Matt: I haven’t played an RTS since Starcraft, so Northgard was a great reminder that not every game in the genre has to be about constant micro and maximising your actions-per-second. Northgard is a much more sedate game, where you can’t even attack your opponents until you’ve sent a scout to map out their territory.
You have enough to worry about without antagonising the other factions, anyway. Wolves and Draugr present a constant threat if you don’t commit to wiping them out, but focusing too much on your military can result in your people starving and freezing when winter comes. On top of the harsh food and firewood penalties, every winter also brings a calamity like an earthquake or a rat plague, which will wipe out your food stores and spread sickness amongst your clan. They’re a nightmare to deal with, but boot up the multiplayer and It’s all worth it to hear the panicked screams of your friends.
Brendan: God, I love competence. Northgard is a viking strategy that simply knows what it is doing. It is competent. If that sounds like faint praise, it shouldn’t. This land-grabber is merciful to dabblers and those new to the RTS, while also being faithful to the genre that Company of Heroes so excellently reformed. You nab bits of a randomly-generated island, each plot having its own benefits. Maybe there’s some fertile land there to grow a farm. Maybe it has a stone circle you want to examine. Maybe you just need it for longhouse real estate.
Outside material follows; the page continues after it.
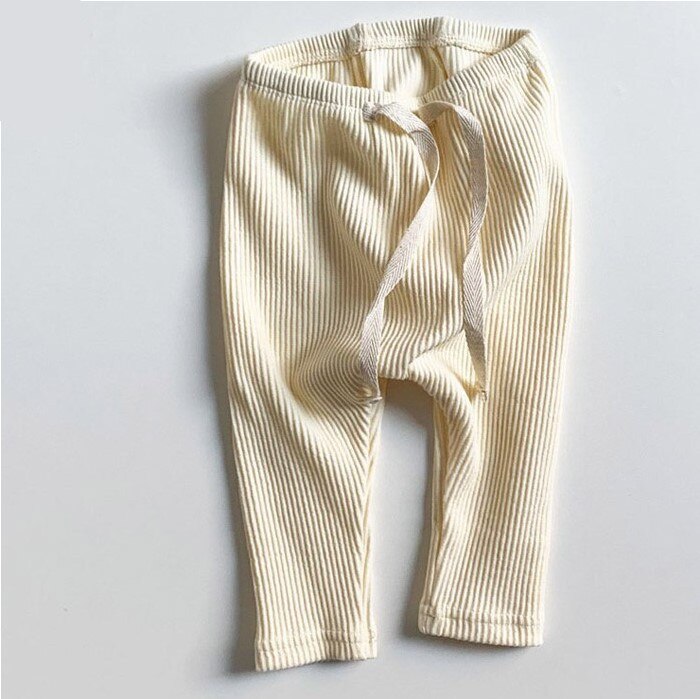 Infant Kids Baby Meisjes Jongens Geribbelde Broek Solid Slim Fit Gestreepte Geplooide Elastische Band Bodems Lange Wilde Mode Broek: Beige / 3M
Whatever the case, you expand to expand. But conquering isn’t a simple matter of rolling over everything with troops. Victory can be achieved through military might, but because of the low population cap each warrior lost to the axe feels like a harsh blow. And since you’re often re-assigning villager’s tasks, each fighter is also a potential hunter, merchant, or witch doctor. That makes it tempting to go for other types of victory conditions. A good trading plan or lore-farming strategy can also win you the game. Although there will still be challenges. Harsh winters can leave you without food. Giants can ally with your foes and come stomping into your territory. An armoured bear can eat all your fishermen. Like all good map-based strategy games, Northgard is about staying in control when everything is going wrong.